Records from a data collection
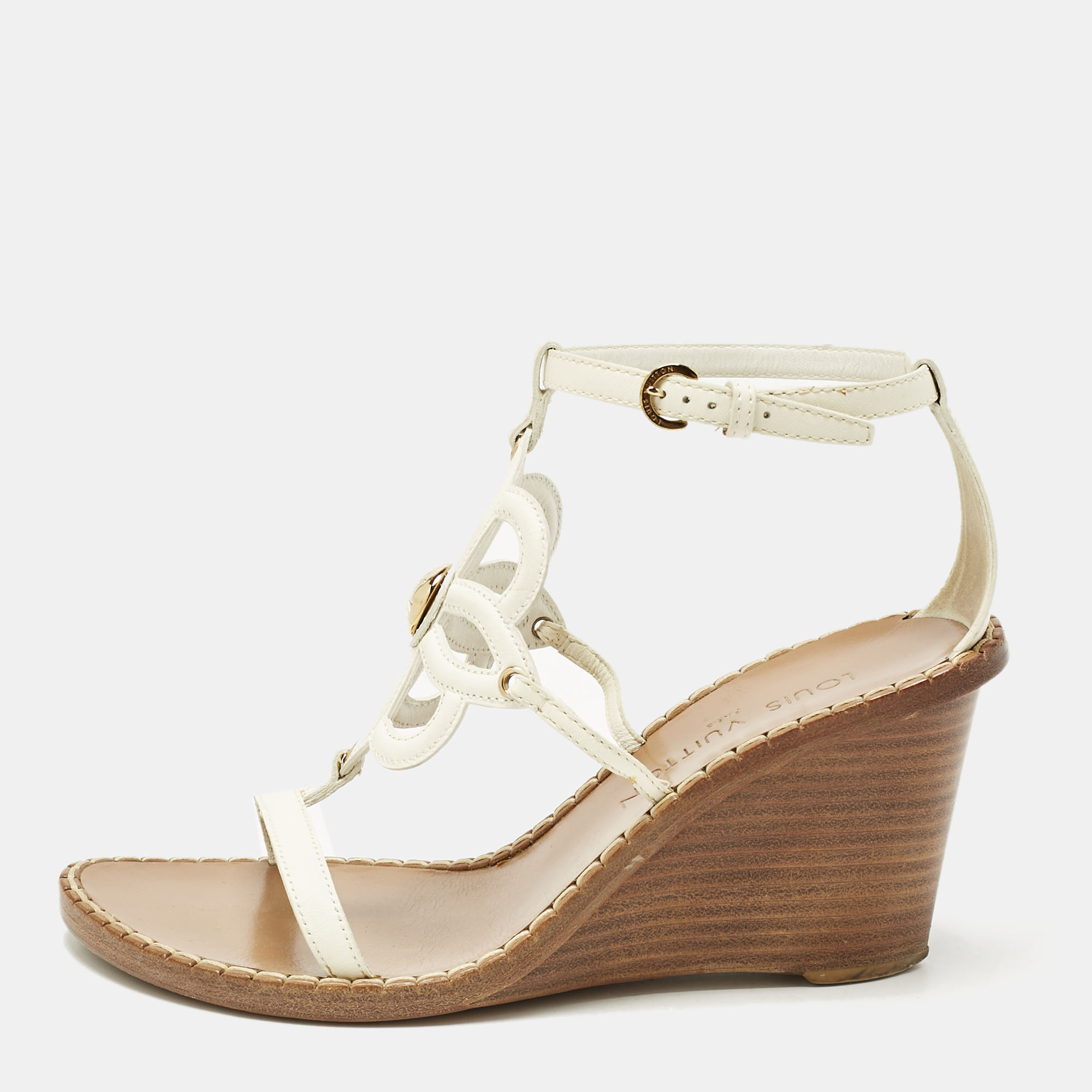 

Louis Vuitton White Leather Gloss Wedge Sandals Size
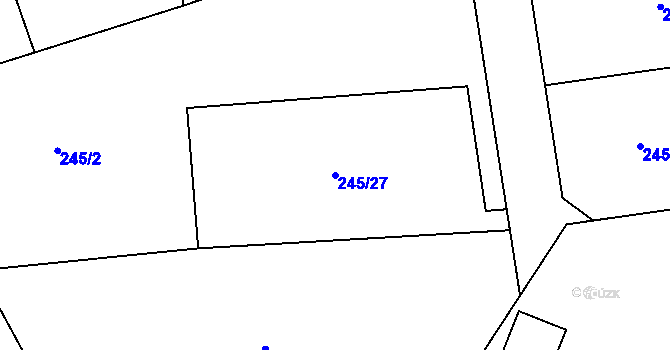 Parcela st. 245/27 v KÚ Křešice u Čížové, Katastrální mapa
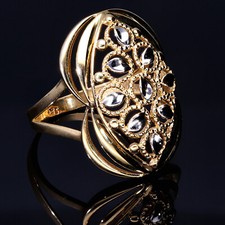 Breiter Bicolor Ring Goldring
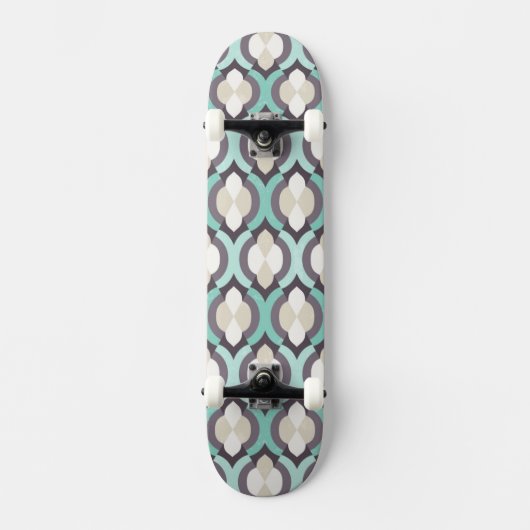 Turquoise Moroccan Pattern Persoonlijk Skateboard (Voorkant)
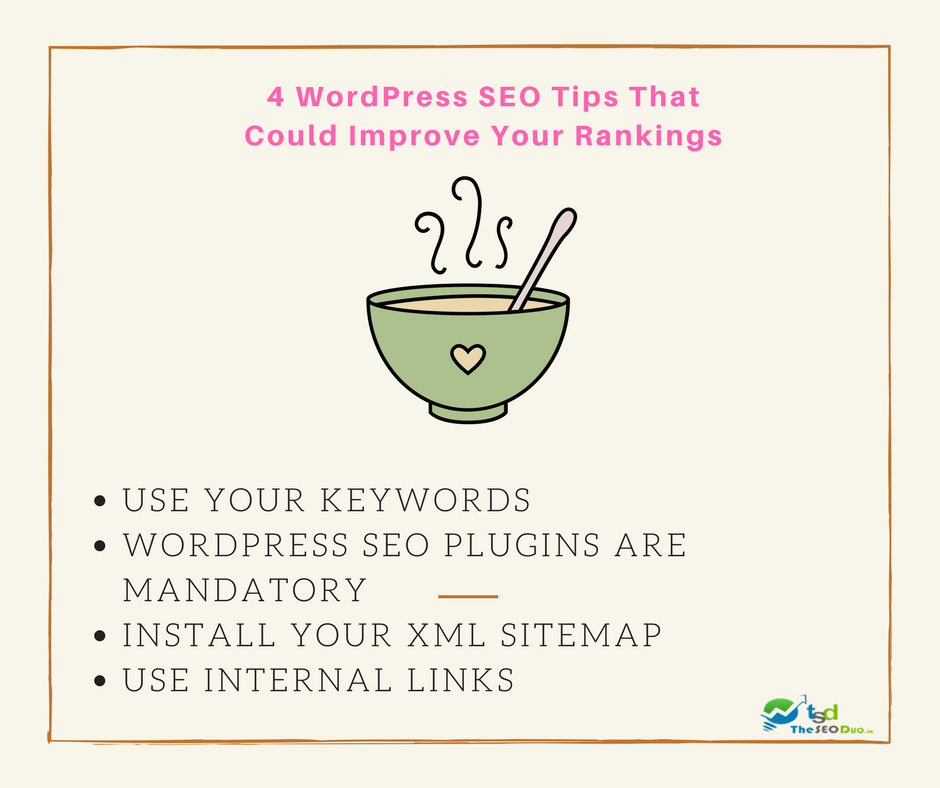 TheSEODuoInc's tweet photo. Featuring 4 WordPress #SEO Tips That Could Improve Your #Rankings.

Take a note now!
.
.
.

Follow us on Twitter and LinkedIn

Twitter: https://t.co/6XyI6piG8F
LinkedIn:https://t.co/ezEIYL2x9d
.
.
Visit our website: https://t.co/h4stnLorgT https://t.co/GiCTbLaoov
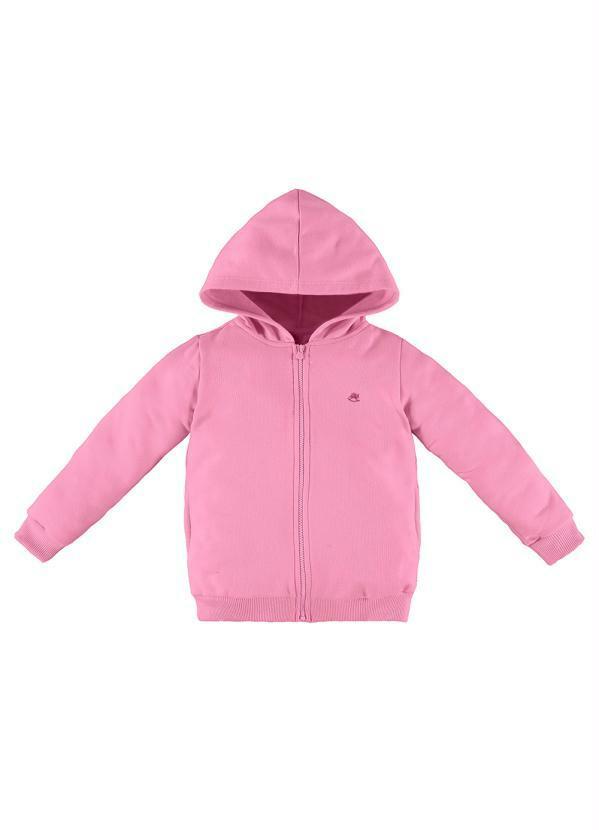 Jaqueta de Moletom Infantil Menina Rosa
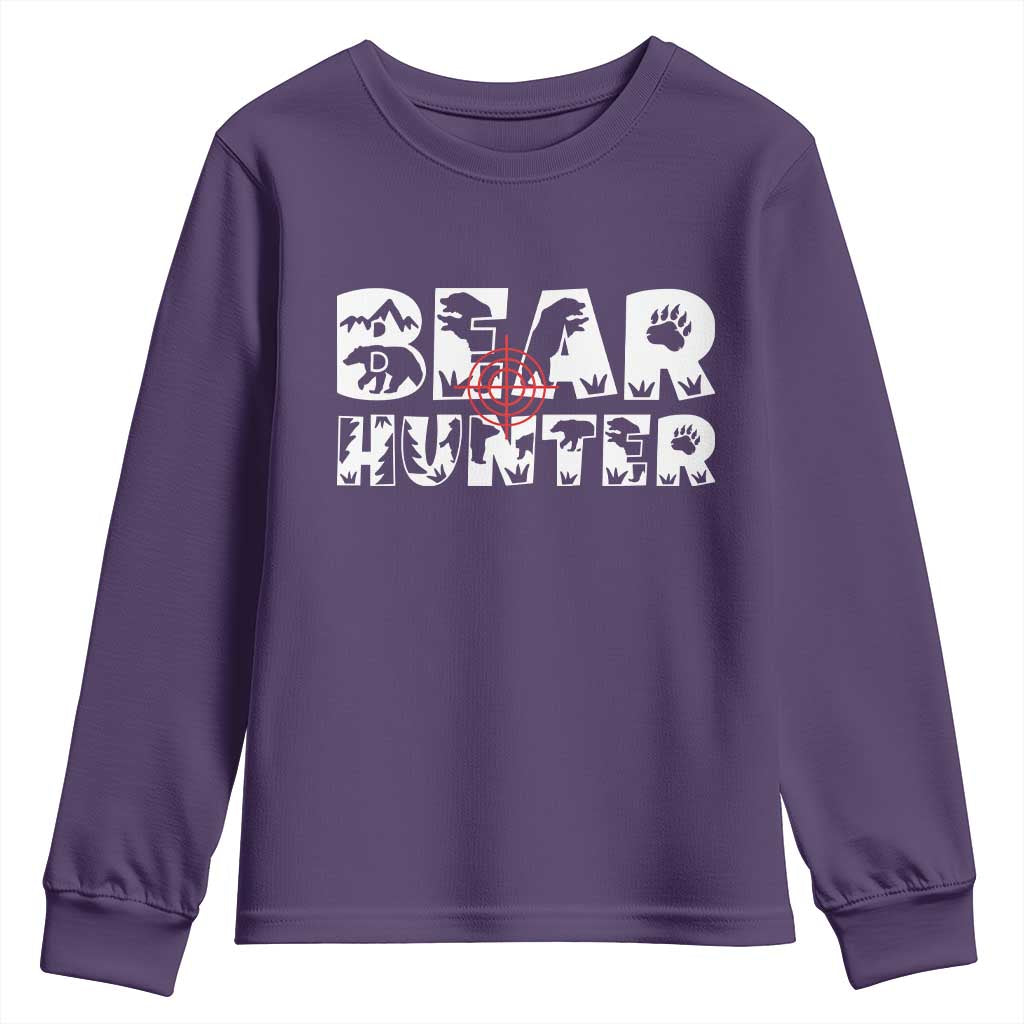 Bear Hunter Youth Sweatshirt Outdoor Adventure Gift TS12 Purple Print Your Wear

» Directions: Please output exactly the lines of the data above, from its first line through the line with "Jaqueta de Moletom Infantil Menina Rosa", and nothing else; drop the pictures.

» Exercise solution:
Louis Vuitton White Leather Gloss Wedge Sandals Size
 Parcela st. 245/27 v KÚ Křešice u Čížové, Katastrální mapa
 Breiter Bicolor Ring Goldring
 Turquoise Moroccan Pattern Persoonlijk Skateboard (Voorkant)
 TheSEODuoInc's tweet photo. Featuring 4 WordPress #SEO Tips That Could Improve Your #Rankings.

Take a note now!
.
.
.

Follow us on Twitter and LinkedIn

Twitter: https://t.co/6XyI6piG8F
LinkedIn:https://t.co/ezEIYL2x9d
.
.
Visit our website: https://t.co/h4stnLorgT https://t.co/GiCTbLaoov
 Jaqueta de Moletom Infantil Menina Rosa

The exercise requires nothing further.